The European Union’s “right to be forgotten” may be going global, if a set of regulators have their way.
A group representing the 28 member nations’ privacy regulators met in Brussels and agreed to a new set of guidelines for applying a court ruling that requires Google and other search engines to de-list content from their search results. Those new guidelines call on search companies to remove content worldwide, not just from particular versions of its search engine that serve results to EU countries.
The group, known as the Article 29 Working Party, said one goal is to ensure that people could not circumvent EU law by switching over to a version of Google based outside Europe.

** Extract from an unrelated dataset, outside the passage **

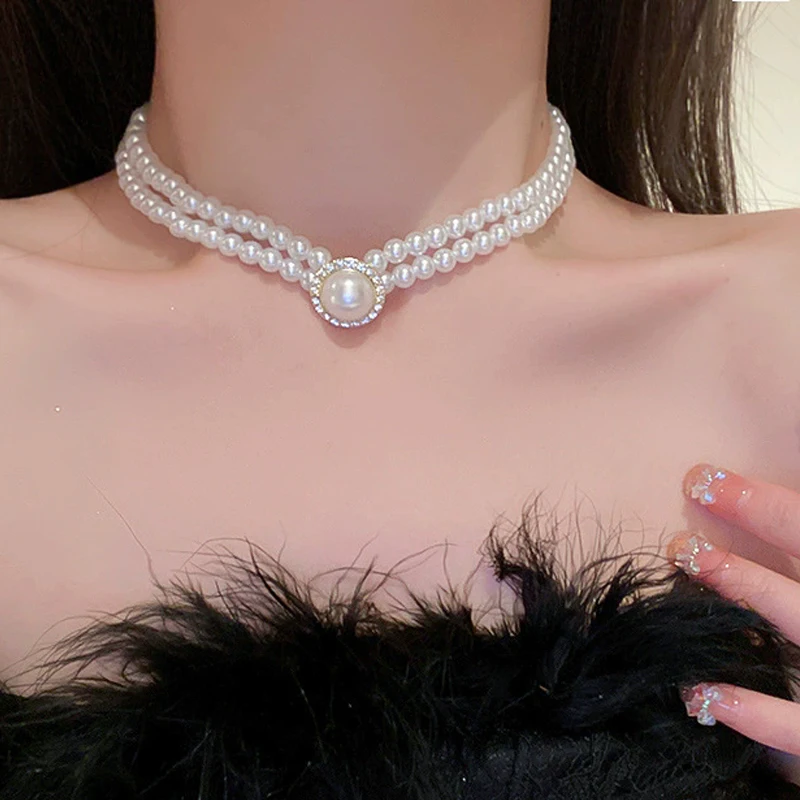 Elegant Double Layer Pearl Chokers Necklaces for Women Crystal Round Imiation Pearls Charms Necklace Short Chain Collar Jewelry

“The WP29 considers that in order to give full effect to the data subject’s rights as defined in the Court’s ruling, de-listing decisions must be implemented in such a way that they guarantee the effective and complete protection of data subjects’ rights and that EU law cannot be circumvented,” the working group said in a press release.

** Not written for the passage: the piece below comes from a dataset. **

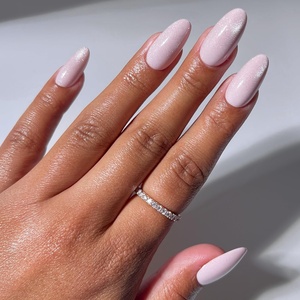 image:imageGlamnetic Press On Nails  Short Almond Fake Nails  Tortoiseshell Press On Nails Salon Quality Kit with Glue  Main Reference  30 Nail Set in 15 Sizes5A  Pink Darling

Google and other search engines have opposed the ruling, which allows people to request that information about them be removed from search results for their name, so long as it is “inadequate, irrelevant or no longer relevant, or excessive in relation to the purposes for which they were processed and in the light of the time that has elapsed.”

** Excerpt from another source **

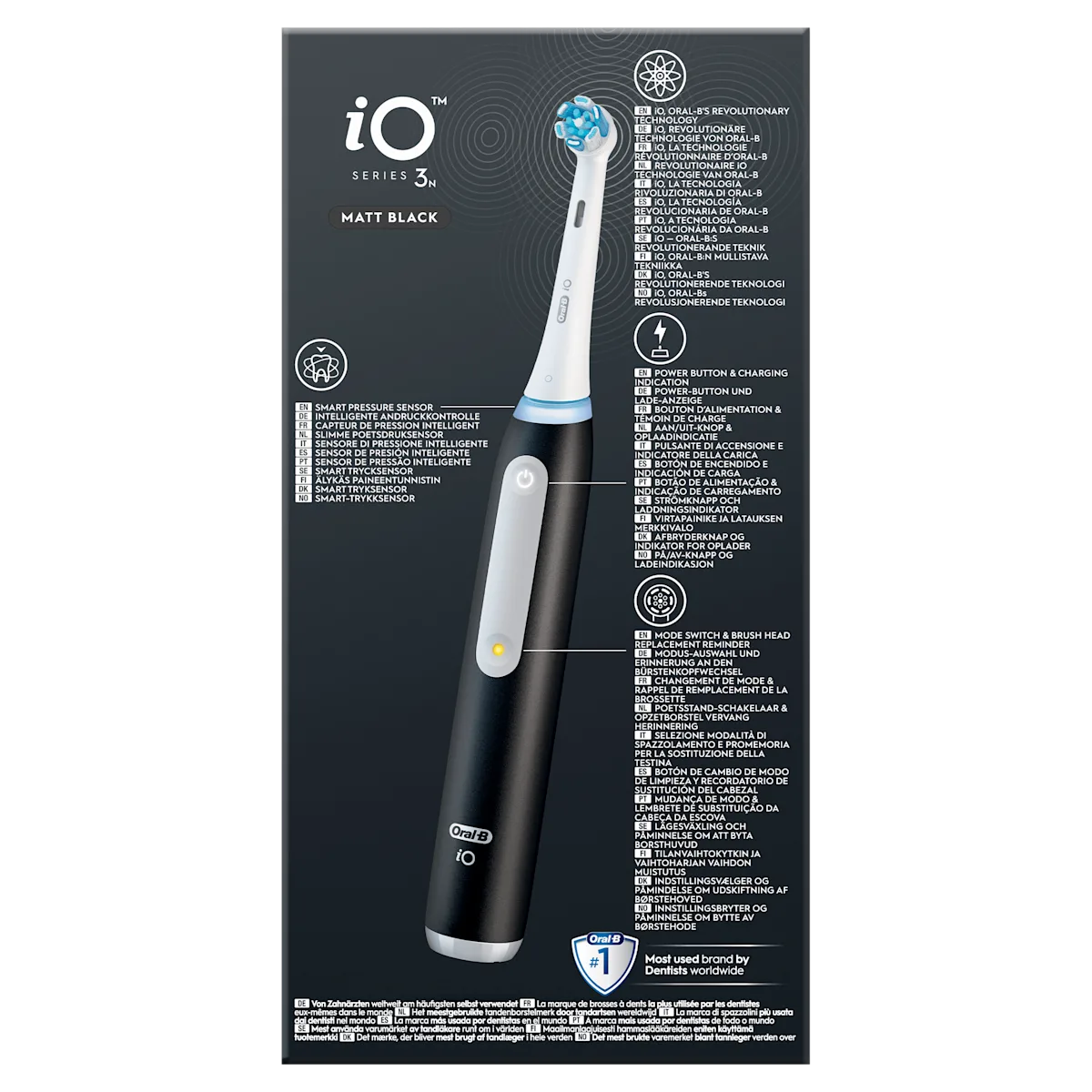 Oral-B iO Series 3N Matt Black, mettant en avant sa technologie révolutionnaire Oral-B pour un nettoyage intelligent.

The guidelines also include a set of criteria designed to guide privacy regulators in EU member states through the process of handling appeals when a search engine chooses not to de-list content as requested by one of their citizens.
It’s possible that some of the policies won’t go into effect, or if they do, they won’t be applied evenly. The working party doesn’t have any direct control over Google, though these guidelines could lead privacy regulators from individual EU member states to adopt policies with those provisions. The Article 29 Working Party is slated to release the guidelines in full later this week.
A representative for Google said that the company is still waiting to review the full guidelines before commenting.
“We haven’t yet seen the Article 29 Working Party’s guidelines, but we will study them carefully when they’re published,” the spokesperson said in a statement emailed to GeekWire.
If the rules do go into effect, get ready for a long and drawn-out fight. Search companies have already been vocal in their opposition to the ruling, and will not be happy if regulators compel them to remove results from sites based outside of the EU.
Google in particular has been having a tough time with European authorities as of late. The company is facing a French bill for back taxes, along with a re-opened antitrust investigation and calls for the company to break up its search business from its other products.